Using the listing below, output only the lines from the one that contains "GUESS ACTIVE Bluza" through the one that contains "- Un Barça maladroit", inclusive, exactly as given and without images.
((
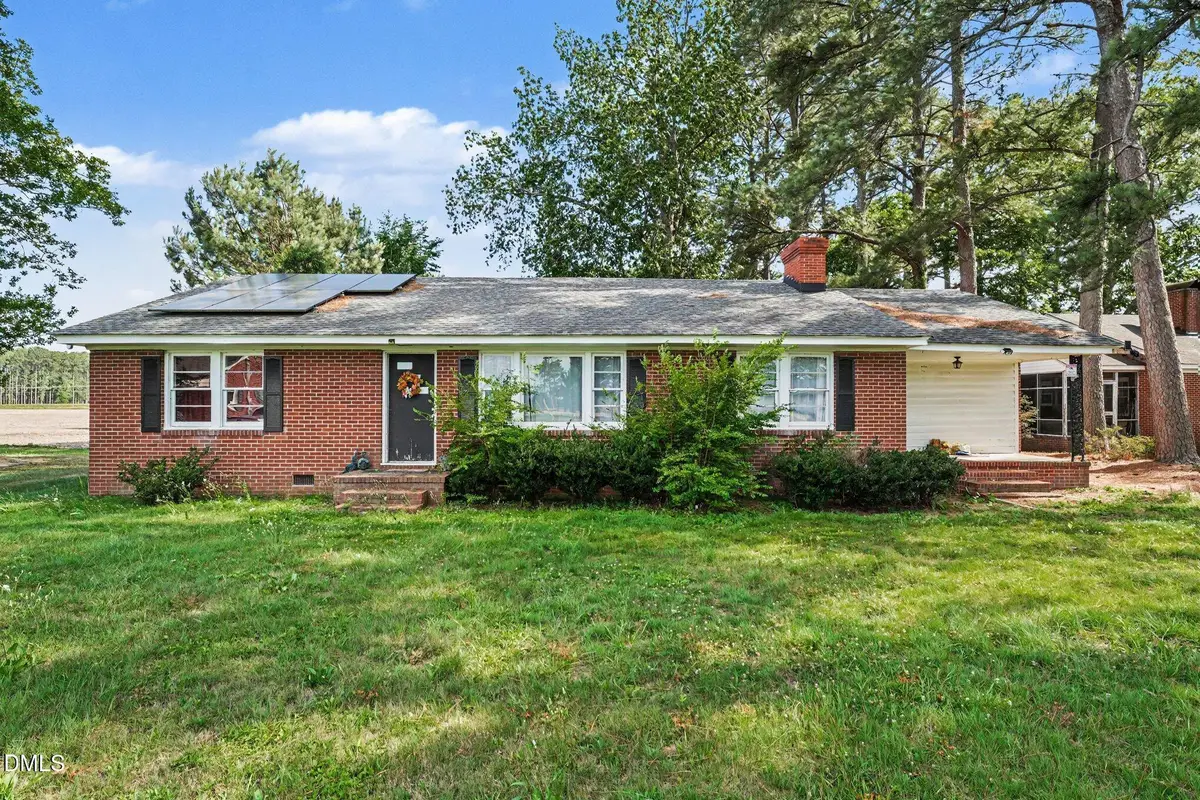 604 Church Street, Elm City, NC 27822 - #1
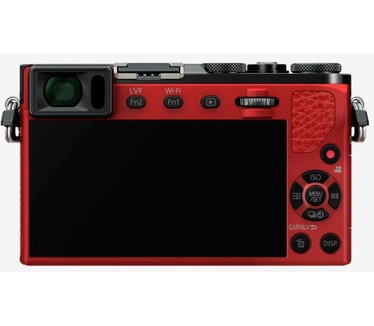 Panasonic Lumix DMC-GM5/G VARIO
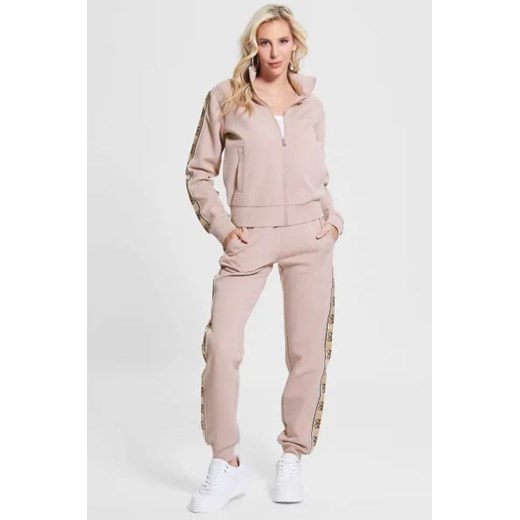 GUESS ACTIVE Bluza BRITNEY | Regular Fit L Gomez Fashion Store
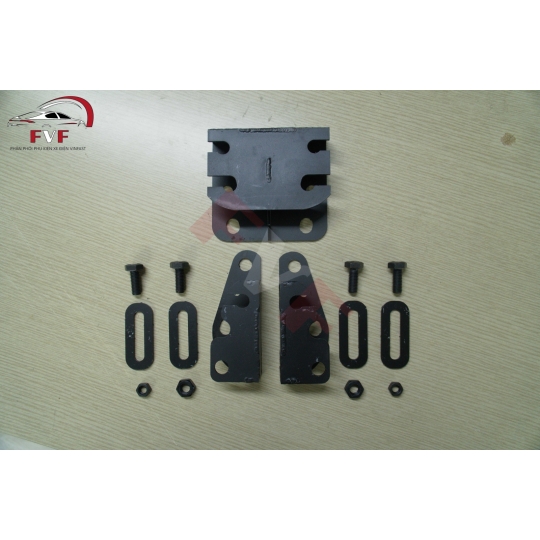 Độ Ngả Ghế Cơ VinFast VF7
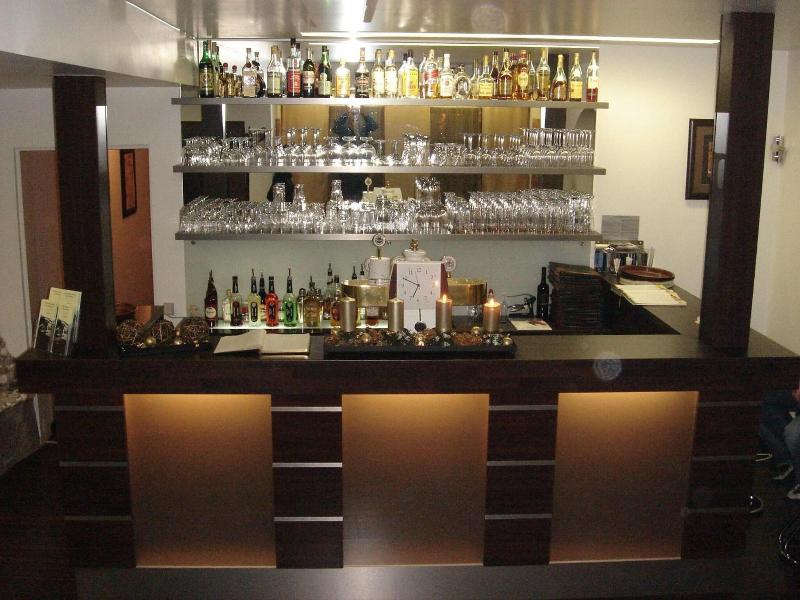Am Rathaus - Bar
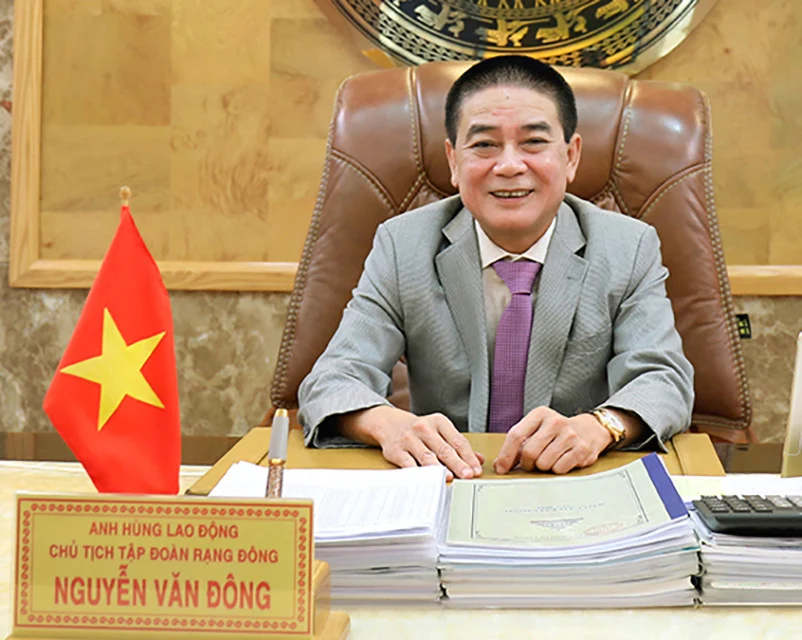 Chủ tịch Tập đoàn Rạng Đông cùng người thân bị truy tố tội trốn thuế gần 3,9 tỷ đồng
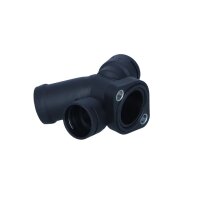 Coolant flange cooling system connection point NRF for...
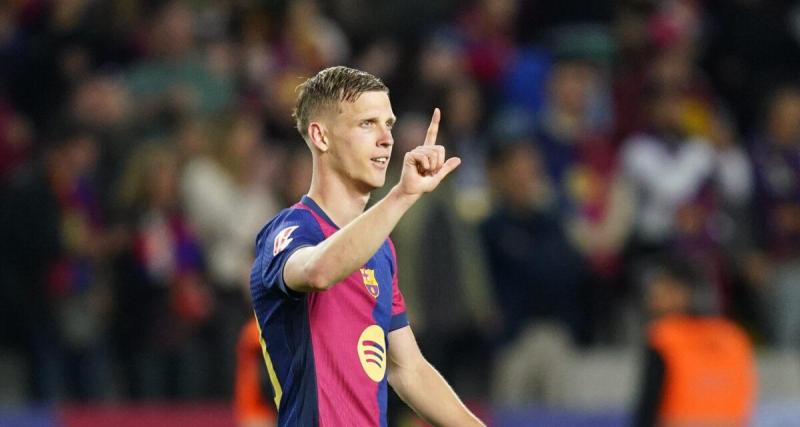  - Un Barça maladroit fait quand même le boulot contre Majorque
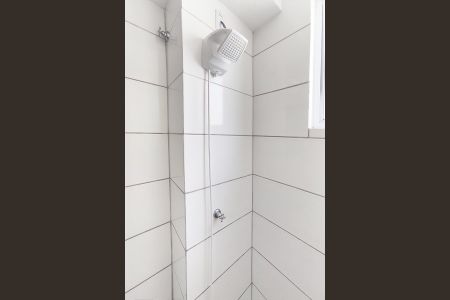 Apartamento à venda com 64m², 2 quartos e 1 vaga Apartamento à venda com 64m², 2 quartos e 1 vagaBanheiro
))
- _WRITTEN ANSWER_
 GUESS ACTIVE Bluza BRITNEY | Regular Fit L Gomez Fashion Store
 Độ Ngả Ghế Cơ VinFast VF7
Am Rathaus - Bar
 Chủ tịch Tập đoàn Rạng Đông cùng người thân bị truy tố tội trốn thuế gần 3,9 tỷ đồng
 Coolant flange cooling system connection point NRF for...
  - Un Barça maladroit fait quand même le boulot contre Majorque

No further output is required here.